◆ Required work
Output the listing exactly, without its pictures.

____________________

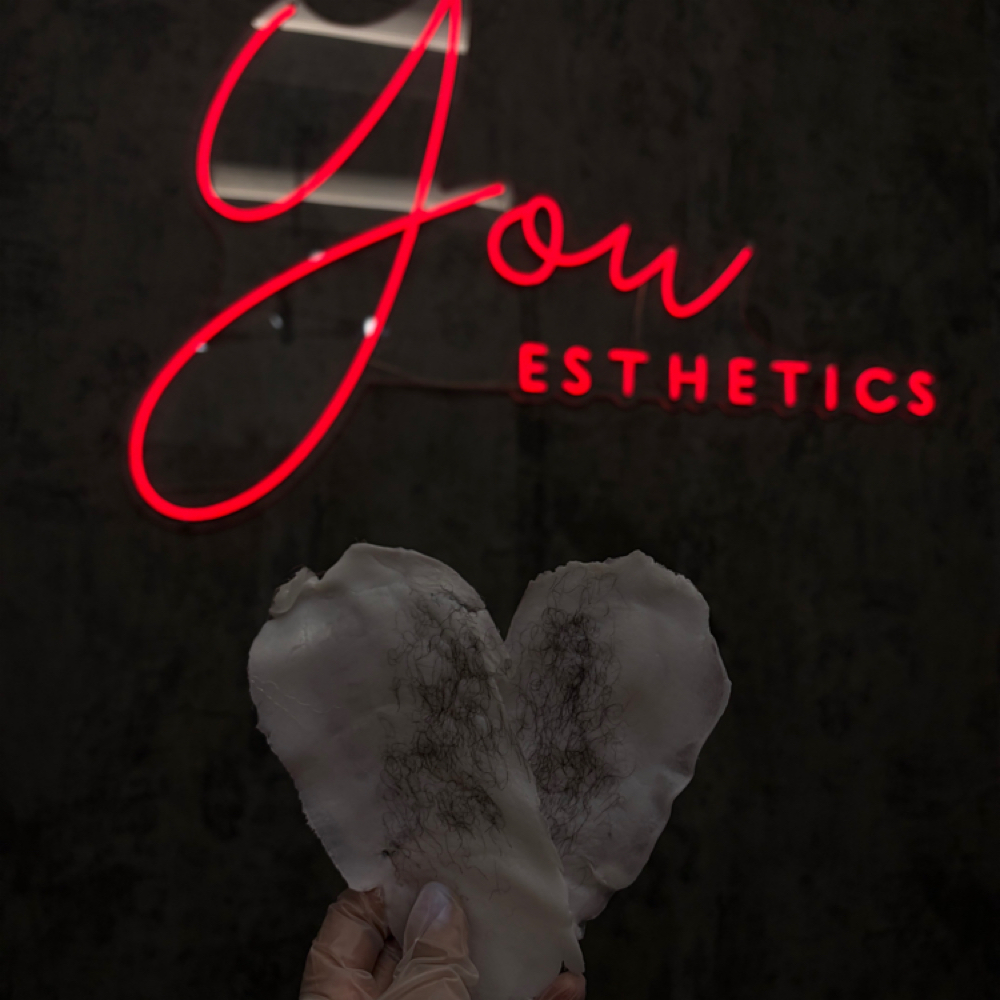 Full stomach/ Belly at You Esthetics in Salem, MA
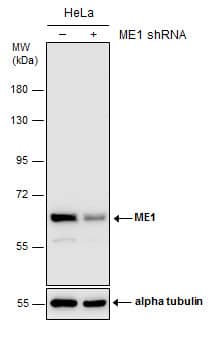 <b>Genetic Strategies Validation. </b>Non-transfected (-) and transfected (+) HeLa whole cell extracts (30 ug) were separated by 7.5% SDS-PAGE, and the membrane was blotted with ME1 antibody [GT15611] (NBP2-43669) diluted at 1:1000. 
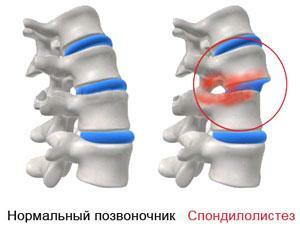 Spostamento delle vertebre
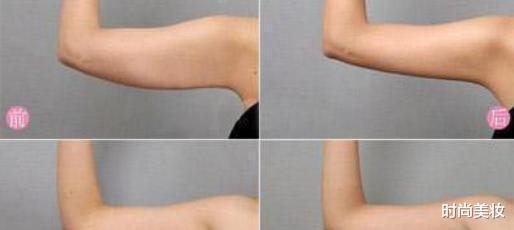 子璇|亚洲第一美女李成敏有多撩人?双腿像开了特效,1运动教你练成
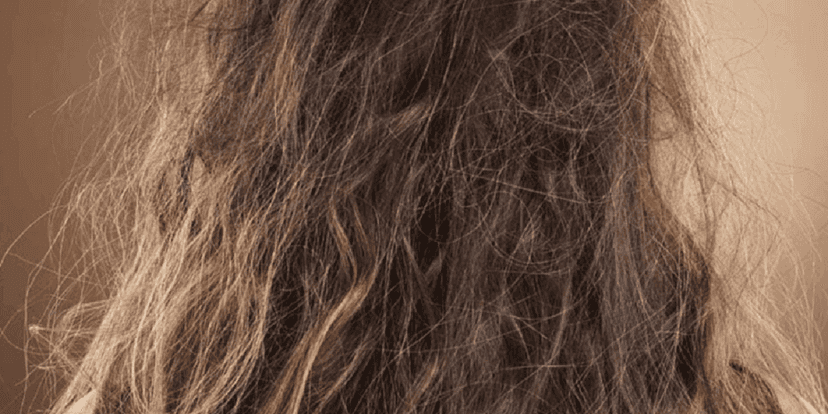 Cabelo com nó, frizz e pontas duplas (Foto: Reprodução/Internet) Cabelo com nó, frizz e pontas duplas (Foto: Reprodução/Internet)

____________________

◆ Final answer
 Full stomach/ Belly at You Esthetics in Salem, MA
 <b>Genetic Strategies Validation. </b>Non-transfected (-) and transfected (+) HeLa whole cell extracts (30 ug) were separated by 7.5% SDS-PAGE, and the membrane was blotted with ME1 antibody [GT15611] (NBP2-43669) diluted at 1:1000. 
 Spostamento delle vertebre
 子璇|亚洲第一美女李成敏有多撩人?双腿像开了特效,1运动教你练成
 Cabelo com nó, frizz e pontas duplas (Foto: Reprodução/Internet) Cabelo com nó, frizz e pontas duplas (Foto: Reprodução/Internet)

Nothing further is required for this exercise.